> **Required work**:
The records below are to be quoted in full; please keep every word exact.

#### Extracted material

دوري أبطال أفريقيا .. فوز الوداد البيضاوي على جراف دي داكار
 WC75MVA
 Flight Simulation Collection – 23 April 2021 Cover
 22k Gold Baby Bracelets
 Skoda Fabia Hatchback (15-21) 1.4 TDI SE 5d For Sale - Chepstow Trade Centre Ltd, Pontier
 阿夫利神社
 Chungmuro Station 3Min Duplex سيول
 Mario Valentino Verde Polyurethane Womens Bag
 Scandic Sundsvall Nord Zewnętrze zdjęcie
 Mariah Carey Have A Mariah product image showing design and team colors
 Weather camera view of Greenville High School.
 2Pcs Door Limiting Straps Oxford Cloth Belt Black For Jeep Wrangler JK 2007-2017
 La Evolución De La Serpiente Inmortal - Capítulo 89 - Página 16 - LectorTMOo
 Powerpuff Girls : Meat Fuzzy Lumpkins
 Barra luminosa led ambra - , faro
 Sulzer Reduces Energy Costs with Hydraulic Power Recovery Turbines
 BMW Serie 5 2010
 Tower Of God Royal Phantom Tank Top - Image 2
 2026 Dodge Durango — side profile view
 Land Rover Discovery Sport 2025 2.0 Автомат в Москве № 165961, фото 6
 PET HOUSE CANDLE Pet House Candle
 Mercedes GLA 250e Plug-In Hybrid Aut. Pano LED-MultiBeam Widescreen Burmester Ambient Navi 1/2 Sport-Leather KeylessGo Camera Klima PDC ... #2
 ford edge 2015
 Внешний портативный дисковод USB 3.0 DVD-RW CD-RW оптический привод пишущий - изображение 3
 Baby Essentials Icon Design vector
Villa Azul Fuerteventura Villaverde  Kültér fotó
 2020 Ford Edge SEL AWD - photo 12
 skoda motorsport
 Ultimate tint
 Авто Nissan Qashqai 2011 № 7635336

########

> **Exercise solution**:
دوري أبطال أفريقيا .. فوز الوداد البيضاوي على جراف دي داكار
 WC75MVA
 Flight Simulation Collection – 23 April 2021 Cover
 22k Gold Baby Bracelets
 Skoda Fabia Hatchback (15-21) 1.4 TDI SE 5d For Sale - Chepstow Trade Centre Ltd, Pontier
 阿夫利神社
 Chungmuro Station 3Min Duplex سيول
 Mario Valentino Verde Polyurethane Womens Bag
 Scandic Sundsvall Nord Zewnętrze zdjęcie
 Mariah Carey Have A Mariah product image showing design and team colors
 Weather camera view of Greenville High School.
 2Pcs Door Limiting Straps Oxford Cloth Belt Black For Jeep Wrangler JK 2007-2017
 La Evolución De La Serpiente Inmortal - Capítulo 89 - Página 16 - LectorTMOo
 Powerpuff Girls : Meat Fuzzy Lumpkins
 Barra luminosa led ambra - , faro
 Sulzer Reduces Energy Costs with Hydraulic Power Recovery Turbines
 BMW Serie 5 2010
 Tower Of God Royal Phantom Tank Top - Image 2
 2026 Dodge Durango — side profile view
 Land Rover Discovery Sport 2025 2.0 Автомат в Москве № 165961, фото 6
 PET HOUSE CANDLE Pet House Candle
 Mercedes GLA 250e Plug-In Hybrid Aut. Pano LED-MultiBeam Widescreen Burmester Ambient Navi 1/2 Sport-Leather KeylessGo Camera Klima PDC ... #2
 ford edge 2015
 Внешний портативный дисковод USB 3.0 DVD-RW CD-RW оптический привод пишущий - изображение 3
 Baby Essentials Icon Design vector
Villa Azul Fuerteventura Villaverde  Kültér fotó
 2020 Ford Edge SEL AWD - photo 12
 skoda motorsport
 Ultimate tint
 Авто Nissan Qashqai 2011 № 7635336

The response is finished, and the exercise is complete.